= The Devil (novella) =

1911 novella by Leo Tolstoy

"The Devil" (Дьявол) is a novella by Leo Tolstoy. It was written in 1889, given an alternative ending in 1909, but published only posthumously in 1911. Like Tolstoy's The Kreutzer Sonata, written around the same time, "The Devil" deals with the consequences of sexual emotion.

==Plot summary==
Two young men, Eugene Irtenev and his brother, are left a large inheritance after the death of their father. However, the inheritance is saddled with debts, and the brothers must decide whether or not to accept it. Eugene accepts the inheritance and buys off his brother's portion, thinking that he can sell off large tracts of land while making improvements to the rest. Living alone with his mother while working on the farm, Eugene misses the relations he had with women while living in St. Petersburg. He inquires around the village, and the watchman introduces Eugene to a local peasant named Stepanida whose husband lives away in the city. For several months Eugene and Stepanida have encounters, with Eugene paying her each time. Eventually, Eugene's mother thinks it is time for him to get married, preferably to an heiress who will help them with their debts. To her disappointment, Eugene falls in love with Liza Annenskaya, a charming middle-class girl, and they are married after Eugene breaks off relations with Stepanida.

After a year of marriage, Liza employs two peasant women to help with cleaning the estate. One of them is Stepanida. When Eugene notices her, all the passion for her that he thought was forgotten comes rushing back. He can't stop thinking about her and decides that she must be sent away.
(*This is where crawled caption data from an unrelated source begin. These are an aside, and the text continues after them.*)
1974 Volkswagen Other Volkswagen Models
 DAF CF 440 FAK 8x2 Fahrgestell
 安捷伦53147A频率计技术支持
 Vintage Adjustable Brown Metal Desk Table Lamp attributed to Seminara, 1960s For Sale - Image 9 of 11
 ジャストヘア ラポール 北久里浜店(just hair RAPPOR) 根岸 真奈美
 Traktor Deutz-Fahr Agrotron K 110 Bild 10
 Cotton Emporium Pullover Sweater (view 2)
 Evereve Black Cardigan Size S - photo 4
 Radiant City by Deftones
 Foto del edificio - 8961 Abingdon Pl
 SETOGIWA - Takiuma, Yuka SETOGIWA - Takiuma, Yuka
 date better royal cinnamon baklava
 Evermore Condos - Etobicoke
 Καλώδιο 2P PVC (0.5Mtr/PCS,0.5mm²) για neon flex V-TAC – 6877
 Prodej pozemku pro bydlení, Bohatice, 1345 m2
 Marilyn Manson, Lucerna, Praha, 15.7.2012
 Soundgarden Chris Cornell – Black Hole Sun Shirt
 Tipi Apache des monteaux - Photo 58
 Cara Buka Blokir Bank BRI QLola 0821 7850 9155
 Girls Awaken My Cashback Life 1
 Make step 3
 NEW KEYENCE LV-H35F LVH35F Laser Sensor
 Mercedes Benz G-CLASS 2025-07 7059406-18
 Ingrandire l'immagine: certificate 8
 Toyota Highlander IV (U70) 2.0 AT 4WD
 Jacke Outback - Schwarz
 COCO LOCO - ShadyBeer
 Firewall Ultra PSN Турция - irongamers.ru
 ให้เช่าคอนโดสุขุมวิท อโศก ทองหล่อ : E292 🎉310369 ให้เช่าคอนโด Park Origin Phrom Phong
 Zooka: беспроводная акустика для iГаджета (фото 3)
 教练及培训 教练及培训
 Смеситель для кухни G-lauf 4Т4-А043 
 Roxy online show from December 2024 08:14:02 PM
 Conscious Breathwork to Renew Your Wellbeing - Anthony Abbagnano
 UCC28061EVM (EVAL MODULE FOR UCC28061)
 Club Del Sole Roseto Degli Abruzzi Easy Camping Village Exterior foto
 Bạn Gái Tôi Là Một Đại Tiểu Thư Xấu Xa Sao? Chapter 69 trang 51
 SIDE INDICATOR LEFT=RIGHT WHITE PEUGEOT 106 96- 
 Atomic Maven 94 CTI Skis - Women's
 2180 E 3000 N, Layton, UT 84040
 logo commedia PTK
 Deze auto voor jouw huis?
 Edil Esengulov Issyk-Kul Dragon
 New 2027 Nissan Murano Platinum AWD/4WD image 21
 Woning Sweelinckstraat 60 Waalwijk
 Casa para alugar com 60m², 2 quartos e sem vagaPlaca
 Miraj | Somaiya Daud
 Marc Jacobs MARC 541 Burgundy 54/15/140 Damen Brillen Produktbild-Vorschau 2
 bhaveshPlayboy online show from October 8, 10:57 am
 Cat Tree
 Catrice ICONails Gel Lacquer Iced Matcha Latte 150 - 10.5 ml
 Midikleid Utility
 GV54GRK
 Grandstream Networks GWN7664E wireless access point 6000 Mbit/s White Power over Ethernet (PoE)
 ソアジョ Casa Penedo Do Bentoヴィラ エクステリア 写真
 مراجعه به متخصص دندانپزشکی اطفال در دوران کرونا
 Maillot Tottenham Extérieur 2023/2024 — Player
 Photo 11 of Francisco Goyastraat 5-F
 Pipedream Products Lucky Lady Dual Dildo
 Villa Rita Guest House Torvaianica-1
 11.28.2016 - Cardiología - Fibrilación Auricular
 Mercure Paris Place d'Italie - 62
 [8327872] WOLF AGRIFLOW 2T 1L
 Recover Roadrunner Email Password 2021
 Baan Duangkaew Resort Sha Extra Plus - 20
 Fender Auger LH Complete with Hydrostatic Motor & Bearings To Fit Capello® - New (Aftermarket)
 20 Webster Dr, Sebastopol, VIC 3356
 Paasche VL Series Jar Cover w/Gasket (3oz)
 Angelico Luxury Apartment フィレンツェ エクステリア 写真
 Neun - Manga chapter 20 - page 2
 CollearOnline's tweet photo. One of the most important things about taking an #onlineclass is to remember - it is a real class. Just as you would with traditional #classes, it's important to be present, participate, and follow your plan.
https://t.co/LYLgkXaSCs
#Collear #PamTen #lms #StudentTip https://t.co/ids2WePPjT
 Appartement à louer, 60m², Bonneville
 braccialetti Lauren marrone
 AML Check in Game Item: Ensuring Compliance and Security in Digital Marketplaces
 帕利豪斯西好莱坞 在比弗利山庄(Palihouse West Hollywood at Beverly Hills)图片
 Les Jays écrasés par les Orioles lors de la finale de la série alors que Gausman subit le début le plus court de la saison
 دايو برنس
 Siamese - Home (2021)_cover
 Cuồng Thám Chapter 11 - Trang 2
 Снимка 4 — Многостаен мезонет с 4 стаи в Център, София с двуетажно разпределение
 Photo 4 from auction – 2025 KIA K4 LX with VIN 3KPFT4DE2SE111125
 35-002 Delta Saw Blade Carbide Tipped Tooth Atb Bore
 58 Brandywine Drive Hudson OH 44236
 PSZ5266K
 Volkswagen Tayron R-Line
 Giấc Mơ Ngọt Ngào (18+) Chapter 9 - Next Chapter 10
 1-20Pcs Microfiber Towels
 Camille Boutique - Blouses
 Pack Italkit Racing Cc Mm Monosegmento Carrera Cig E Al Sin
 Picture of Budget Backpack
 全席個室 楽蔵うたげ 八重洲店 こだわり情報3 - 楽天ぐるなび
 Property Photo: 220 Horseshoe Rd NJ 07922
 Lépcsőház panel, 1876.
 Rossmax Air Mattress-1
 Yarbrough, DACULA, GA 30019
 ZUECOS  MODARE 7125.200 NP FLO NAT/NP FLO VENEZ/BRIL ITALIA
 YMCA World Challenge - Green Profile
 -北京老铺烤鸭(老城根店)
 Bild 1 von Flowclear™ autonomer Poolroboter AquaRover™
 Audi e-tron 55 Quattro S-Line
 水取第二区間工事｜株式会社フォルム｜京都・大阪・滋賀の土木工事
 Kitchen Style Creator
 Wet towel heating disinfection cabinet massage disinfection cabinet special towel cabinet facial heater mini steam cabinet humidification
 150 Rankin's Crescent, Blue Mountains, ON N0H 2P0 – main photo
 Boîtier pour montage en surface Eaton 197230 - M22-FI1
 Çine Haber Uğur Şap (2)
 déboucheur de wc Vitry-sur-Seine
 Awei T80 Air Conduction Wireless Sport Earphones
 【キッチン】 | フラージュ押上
Liza later suffers a harmful fall while pregnant, and Eugene takes her for a rest cure to Crimea for two months on doctor's orders. She gives birth to a daughter, and Eugene's financial prospects are starting to look promising. His estate is described as being in the best working condition it has ever been, and he thinks he is finally happy.

At a village festival, Eugene notices Stepanida dancing, and their glances re-awaken his desire. Tormented by lust, he thinks of resuming relations with her, but realizes that the affair would cause too much of a scandal. Eugene says of Stepanida, "Really, she is--a devil. Simply a devil. She has possessed herself of me against my own will." He convinces himself that there are only two options: to kill Stepanida, or to kill his wife and run off with Stepanida. Eugene then thinks of a third option, which is to commit suicide. When his family finds him dead of a revolver shot, they cannot understand why he killed himself since, although he was evidently tormented, he did not confide in his closest relatives.